And please do not repeat the tired — and wrong! — assertion that World War II justifies the secret tribunals, indefinite uncharged detentions, and highhanded assumption of unbridled exectuive power. In case Ms. Toensing has missed it, there is a crucial difference between 1942 and 2002: Today, Congress has not seen fit to grant — nor the President to even seek! — a declaration of war. The elected leaders of this great democracy have not said, in the voice of the people, that we are at war. Therefore, no “wartime emergency” measures are legal or justified. The President has had twelve months to make his case and to ask for a writ of war. He has not troubled to do this, making the overheated calls for rampaging executive authority ring somewhat hollow.
I mention only in passing that almost every one of the decisions so happily offered as precedent now, has been long considered a travesty of American justice, that every act of judicial deference has been long considered a regrettable mistake, and that every executive trampling of individual liberties has been long regarded as a Constitutional debacle.
Ms. Toensing finds it “bizarre” that the government was required to disclose its charges and evidence to the counsel to John Walker Lindh. What she finds bizarre, true lovers of liberty will find heartening: The Fourth Amendment, the Fifth Amendment, the Eighth Amendment, and all the attendant legal structure, exist to protect the individual from the unrestrained fury of the State. Not merely as a citizen but as a human being, Mr. Lindh was entitled to those full protections and was afforded all of them. Amazingly, the walls of civilization somehow did not come tumbling down — because America is strong enough to offer those protections even to those who wish to destroy us — and America is strong enough to triumph nonetheless.

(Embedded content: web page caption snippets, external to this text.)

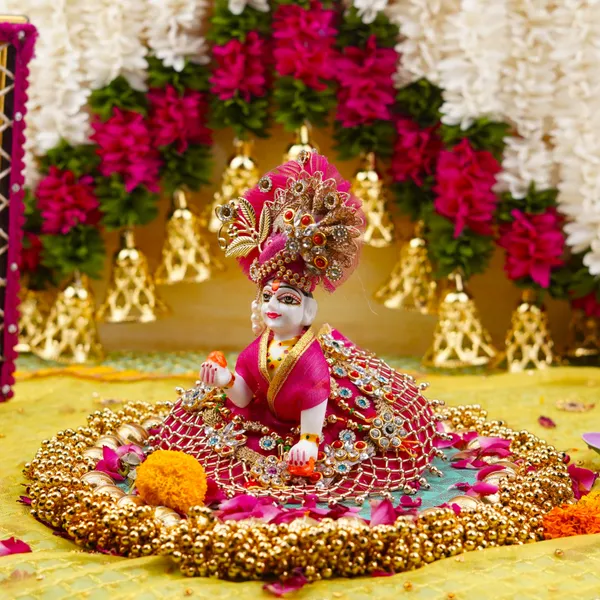 Resin_Multicolor_Laddu_Gopal_Idol_4.5_Inch
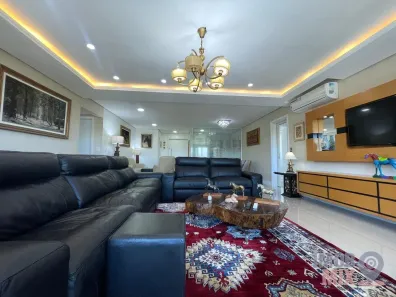 Apartamento com 3 Quartos à venda, 135m² no Partenon, Porto Alegre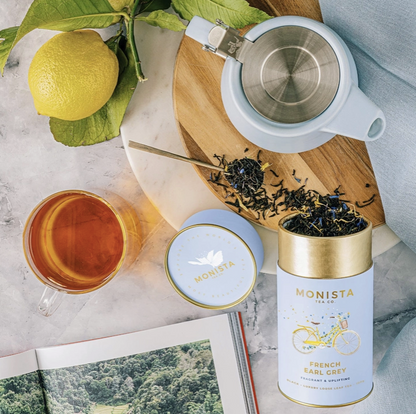 Monista Tea - French Earl Grey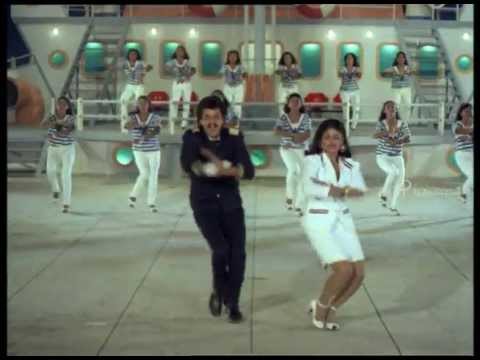 Sonthakaran- Athaanae Athaanae Song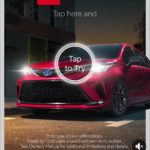 Toyota USA - Automotive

In the case of Messr. Hamdi and Padilla, it is so comforting to know that “they are being held as prisoners of war until the end of the conflict, as has been done ever since rules of war were written.” Apparently, in this example, since the rules of war happen to be convenient, they are to be sacrosanct. But when the rules of war do not favor the administration view — such as when the Geneva Convention demands full and impartial hearings into the status of prisoners of war — then suddenly we are in a “new age” when the old rules do not apply. By the way, Ms. Toensing is somewhat untruthful. Messrs. Padilla and Hamdi are not being held as “prisoners of war”. The President’s men claim only that the two are “unlawful combatants” — a designation with no recognized meaning and thus, ironically, itself unlawful. “Prisoners of war” have rights as guaranteed by the Geneva Convention and other treaties. “Unlawful combatants” apparently remain or go free at the whim of the President.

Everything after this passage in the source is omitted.